This article is from Black Flag in 1999. It analyses the British state's use of shoot to kill.
SHOOTING TO KILL
Crime reporters are a curious breed. The majority are local hacks who report on whatever happens under their noses, and hope the more salacious the story, the safer their job-at least for the next few months. There are a few though, who specialise in being propagandists for the police; who conjure up folk devils like the Adamses, the Arifs, the Yardies and the Triads so that the Police Federation can call for a recruitment drive and the Michael Howards and Jack Straws can be given cover while they further curb our "civil liberties." Some who come to mind include tv journalist Martin Short, The Guardian's Nick Hopkins, and former Time Out hack, now at The Observer, Tony Thompson. Usually they just recycle what Scotland Yard tells them -as an example Thompson had a piece in The Observer on 28th November 1999 "Muggers Enter the Big League" about how muggers are purportedly turning to armed robbery and aggravated violence because "there has been a steep decline in the number of stop- and - searches since the publication of the report into the Stephen Lawrence case." Just to refresh our memories-the issues at large in the McPherson report were l) racism and 2) police competence. Between the lines then, is the coded warning that most violent crime is committed by blacks and because the police have been accused of racism they can't tackle the real issue-violent black crime. Hence the use of the description "mugger" in juxtaposition to "armed robbery." On any other level, the story makes no sense. There's no evidence produced to support the contentions that 1) muggers are turning to more violent forms of crime or 2) that "crime figures are going up." The only point to the story is to allow Scotland Yard to try and smear the Lawrence inquiry agenda as a means of getting itself off the hook. Tony Thompson doing what he does best.
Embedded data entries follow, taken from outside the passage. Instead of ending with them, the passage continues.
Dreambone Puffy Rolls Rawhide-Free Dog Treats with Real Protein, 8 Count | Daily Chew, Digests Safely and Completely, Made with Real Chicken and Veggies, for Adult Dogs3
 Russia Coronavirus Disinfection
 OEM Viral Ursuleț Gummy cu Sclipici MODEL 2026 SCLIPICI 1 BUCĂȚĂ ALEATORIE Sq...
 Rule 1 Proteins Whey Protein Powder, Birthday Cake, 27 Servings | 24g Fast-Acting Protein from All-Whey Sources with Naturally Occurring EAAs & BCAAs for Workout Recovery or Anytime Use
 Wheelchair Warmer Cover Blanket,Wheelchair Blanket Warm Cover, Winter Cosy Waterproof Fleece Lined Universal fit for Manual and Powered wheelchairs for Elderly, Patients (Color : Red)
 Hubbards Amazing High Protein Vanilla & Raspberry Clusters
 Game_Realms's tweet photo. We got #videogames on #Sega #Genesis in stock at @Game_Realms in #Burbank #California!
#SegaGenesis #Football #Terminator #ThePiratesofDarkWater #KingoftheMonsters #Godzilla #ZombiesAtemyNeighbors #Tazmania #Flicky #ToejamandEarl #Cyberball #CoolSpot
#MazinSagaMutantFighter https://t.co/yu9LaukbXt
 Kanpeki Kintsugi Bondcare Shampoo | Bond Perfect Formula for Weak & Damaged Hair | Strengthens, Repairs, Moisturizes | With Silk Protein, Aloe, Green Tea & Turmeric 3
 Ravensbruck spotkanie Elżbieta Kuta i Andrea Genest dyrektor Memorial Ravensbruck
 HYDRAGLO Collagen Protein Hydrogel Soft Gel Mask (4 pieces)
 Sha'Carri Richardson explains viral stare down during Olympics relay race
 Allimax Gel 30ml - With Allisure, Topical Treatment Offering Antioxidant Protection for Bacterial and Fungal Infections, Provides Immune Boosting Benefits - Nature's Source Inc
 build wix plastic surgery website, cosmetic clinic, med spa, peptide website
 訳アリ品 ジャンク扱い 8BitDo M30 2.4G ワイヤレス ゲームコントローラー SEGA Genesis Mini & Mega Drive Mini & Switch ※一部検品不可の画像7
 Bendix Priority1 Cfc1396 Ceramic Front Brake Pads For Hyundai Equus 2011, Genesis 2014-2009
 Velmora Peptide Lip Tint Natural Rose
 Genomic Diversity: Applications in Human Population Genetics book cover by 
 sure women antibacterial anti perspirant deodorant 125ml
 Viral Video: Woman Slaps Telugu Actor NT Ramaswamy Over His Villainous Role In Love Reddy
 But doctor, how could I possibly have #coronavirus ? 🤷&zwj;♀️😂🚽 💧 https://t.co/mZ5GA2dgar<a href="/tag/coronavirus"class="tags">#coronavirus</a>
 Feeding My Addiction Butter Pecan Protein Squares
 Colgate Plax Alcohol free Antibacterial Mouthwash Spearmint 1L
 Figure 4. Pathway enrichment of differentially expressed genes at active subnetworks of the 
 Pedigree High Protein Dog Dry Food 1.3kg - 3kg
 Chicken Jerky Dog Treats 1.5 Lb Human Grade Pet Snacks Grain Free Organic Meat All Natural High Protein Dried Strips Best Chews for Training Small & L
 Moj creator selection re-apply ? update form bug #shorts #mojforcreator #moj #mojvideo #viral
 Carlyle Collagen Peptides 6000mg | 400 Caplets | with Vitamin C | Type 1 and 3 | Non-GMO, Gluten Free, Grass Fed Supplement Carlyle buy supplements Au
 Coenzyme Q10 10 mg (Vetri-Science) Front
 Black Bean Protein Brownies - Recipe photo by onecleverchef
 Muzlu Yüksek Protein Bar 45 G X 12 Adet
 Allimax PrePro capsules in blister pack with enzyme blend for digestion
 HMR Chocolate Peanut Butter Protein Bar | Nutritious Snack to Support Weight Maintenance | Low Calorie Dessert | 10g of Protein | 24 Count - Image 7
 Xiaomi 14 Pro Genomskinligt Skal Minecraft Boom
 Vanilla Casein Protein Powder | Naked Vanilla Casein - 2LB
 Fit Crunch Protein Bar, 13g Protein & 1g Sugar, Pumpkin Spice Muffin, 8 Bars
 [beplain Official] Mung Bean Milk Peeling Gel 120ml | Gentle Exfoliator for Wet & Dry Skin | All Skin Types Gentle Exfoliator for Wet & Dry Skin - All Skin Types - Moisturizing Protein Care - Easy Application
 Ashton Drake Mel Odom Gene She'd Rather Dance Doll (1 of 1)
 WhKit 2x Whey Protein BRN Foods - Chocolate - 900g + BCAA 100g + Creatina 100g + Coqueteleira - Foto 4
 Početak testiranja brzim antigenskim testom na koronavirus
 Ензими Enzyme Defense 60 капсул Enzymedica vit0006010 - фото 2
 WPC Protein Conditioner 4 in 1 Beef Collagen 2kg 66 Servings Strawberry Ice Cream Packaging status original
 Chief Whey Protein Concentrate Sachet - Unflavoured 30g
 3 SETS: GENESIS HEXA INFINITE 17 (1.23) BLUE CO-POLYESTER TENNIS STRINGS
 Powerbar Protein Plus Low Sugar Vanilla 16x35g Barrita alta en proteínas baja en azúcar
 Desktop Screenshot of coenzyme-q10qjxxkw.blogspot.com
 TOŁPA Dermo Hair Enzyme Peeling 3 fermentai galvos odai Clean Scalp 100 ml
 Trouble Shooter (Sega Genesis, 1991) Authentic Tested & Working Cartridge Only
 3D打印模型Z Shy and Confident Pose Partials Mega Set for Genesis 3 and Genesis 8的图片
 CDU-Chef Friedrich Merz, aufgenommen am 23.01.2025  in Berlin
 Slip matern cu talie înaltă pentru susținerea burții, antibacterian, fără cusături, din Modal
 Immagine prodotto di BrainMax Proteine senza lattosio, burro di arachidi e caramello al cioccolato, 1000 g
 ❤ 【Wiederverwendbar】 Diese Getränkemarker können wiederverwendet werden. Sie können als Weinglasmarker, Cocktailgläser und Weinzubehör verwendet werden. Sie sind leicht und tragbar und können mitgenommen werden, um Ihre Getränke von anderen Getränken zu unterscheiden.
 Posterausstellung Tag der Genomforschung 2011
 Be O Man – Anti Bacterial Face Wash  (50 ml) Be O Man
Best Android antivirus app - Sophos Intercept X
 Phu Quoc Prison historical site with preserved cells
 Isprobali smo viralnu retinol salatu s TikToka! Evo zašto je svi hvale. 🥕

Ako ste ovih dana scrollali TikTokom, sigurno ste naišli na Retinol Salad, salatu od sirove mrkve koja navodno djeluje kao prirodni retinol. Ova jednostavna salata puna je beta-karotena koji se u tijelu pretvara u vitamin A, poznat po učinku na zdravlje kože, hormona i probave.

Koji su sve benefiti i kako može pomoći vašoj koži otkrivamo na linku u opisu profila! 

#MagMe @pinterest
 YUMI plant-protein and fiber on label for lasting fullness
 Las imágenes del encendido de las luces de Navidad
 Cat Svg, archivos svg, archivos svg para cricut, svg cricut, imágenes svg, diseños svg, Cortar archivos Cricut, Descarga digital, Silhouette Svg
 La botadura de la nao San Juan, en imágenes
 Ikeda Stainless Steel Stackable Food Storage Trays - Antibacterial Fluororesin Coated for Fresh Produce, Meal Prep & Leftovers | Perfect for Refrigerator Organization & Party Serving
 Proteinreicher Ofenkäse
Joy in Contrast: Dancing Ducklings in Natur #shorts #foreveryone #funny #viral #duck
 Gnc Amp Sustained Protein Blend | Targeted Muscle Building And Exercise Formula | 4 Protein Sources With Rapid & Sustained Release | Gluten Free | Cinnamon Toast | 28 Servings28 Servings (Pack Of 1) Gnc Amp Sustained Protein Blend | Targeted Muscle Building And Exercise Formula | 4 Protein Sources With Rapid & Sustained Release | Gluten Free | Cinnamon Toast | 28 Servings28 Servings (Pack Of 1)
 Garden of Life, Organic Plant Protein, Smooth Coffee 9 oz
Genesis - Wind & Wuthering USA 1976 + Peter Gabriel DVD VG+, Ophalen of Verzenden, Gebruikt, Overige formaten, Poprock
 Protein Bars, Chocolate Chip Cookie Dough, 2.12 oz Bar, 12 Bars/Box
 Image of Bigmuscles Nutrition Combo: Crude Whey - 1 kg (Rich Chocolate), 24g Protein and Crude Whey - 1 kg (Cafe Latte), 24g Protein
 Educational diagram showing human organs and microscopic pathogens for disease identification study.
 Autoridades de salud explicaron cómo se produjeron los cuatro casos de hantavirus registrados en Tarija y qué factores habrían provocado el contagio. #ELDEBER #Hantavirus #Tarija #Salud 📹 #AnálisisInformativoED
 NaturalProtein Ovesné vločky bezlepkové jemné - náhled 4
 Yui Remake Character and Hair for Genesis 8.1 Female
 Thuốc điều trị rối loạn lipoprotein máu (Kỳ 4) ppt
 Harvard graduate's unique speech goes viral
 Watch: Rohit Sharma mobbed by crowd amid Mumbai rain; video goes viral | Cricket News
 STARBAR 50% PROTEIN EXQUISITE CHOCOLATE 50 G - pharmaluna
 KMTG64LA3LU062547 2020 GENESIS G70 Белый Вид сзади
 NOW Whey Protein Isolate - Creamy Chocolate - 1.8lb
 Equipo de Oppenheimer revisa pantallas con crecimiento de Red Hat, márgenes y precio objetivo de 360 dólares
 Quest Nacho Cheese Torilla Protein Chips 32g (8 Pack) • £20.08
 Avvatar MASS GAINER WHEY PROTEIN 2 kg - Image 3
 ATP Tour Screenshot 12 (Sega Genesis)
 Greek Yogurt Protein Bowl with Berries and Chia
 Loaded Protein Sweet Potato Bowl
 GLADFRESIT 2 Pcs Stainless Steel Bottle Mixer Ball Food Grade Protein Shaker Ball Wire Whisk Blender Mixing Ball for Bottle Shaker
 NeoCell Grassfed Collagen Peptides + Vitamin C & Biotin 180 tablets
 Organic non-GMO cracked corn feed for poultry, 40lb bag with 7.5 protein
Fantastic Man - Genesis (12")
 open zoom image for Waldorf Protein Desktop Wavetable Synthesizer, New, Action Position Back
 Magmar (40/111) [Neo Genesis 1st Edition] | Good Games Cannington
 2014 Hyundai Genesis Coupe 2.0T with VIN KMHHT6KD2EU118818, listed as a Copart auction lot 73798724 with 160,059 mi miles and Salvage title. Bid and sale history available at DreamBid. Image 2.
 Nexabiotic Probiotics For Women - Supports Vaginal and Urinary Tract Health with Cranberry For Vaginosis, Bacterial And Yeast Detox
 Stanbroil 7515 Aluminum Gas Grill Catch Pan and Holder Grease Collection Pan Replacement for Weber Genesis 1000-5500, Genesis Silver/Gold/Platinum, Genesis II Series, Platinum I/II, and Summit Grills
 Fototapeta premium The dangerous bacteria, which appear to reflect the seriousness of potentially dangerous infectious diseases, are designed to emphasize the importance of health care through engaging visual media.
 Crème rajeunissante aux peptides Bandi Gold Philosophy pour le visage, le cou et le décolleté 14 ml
Once in a while though, our Tony goes too far, says a little too much, Maybe because he spends so much of his time hanging round the Old Bill he forgets what 's in the public domain and what he 's supposed to keep to the canteen. In The Observer of 3/10/99 Thompson has an article "High-Tech Crime of the Future Will Be All Mod Cons". Its mostly a fantasy about "cyber-crime", probably to prepare the way for the curbs announced in the Queen's Speech on privacy on the Net. It does, though, contain one very curious, offhand statement; "Increased penalties for carrying firearms, along with an (sic) greatly increased likelihood of being shot dead by armed police will lead to more criminals using non-lethal weapons." Just an aside, really, nothing more. "..a greatly increased likelihood of being shot dead by armed police..". The police, we are told, have clear rules of engagement. They have to give a warning if they are armed, before they employ their weapons . There are just over 2,000 officers authorised to carry weapons in the London Metropolitan Police area. The numbers haven't changed much since the early 1990s. So why should there be an increased likelihood of being shot dead by armed police now compared to the 60s heyday of the Great
Train Robbers or the "Balaclavaed pomp" of the 70s (to quote former Guardian journalist Duncan Campbell)- the days of the Minute Men, the Crash-Bang Gang, of John McVicar and Billy Tobin? This article contends that the reason is simple-that since at least the mistaken identity shooting of Stephen Waldorf (believed by police to have been bank robber David Martin) on 14 January 1983 the police have employed a policy of premeditated use of lethal force in relation to armed robbery-that a shoot-to-kill policy has been in operation on the UK mainland to rival that carried out by the British Army in the Six Counties, and that the use of such force and its wider implications should concern all of us who seek to effect positive social change.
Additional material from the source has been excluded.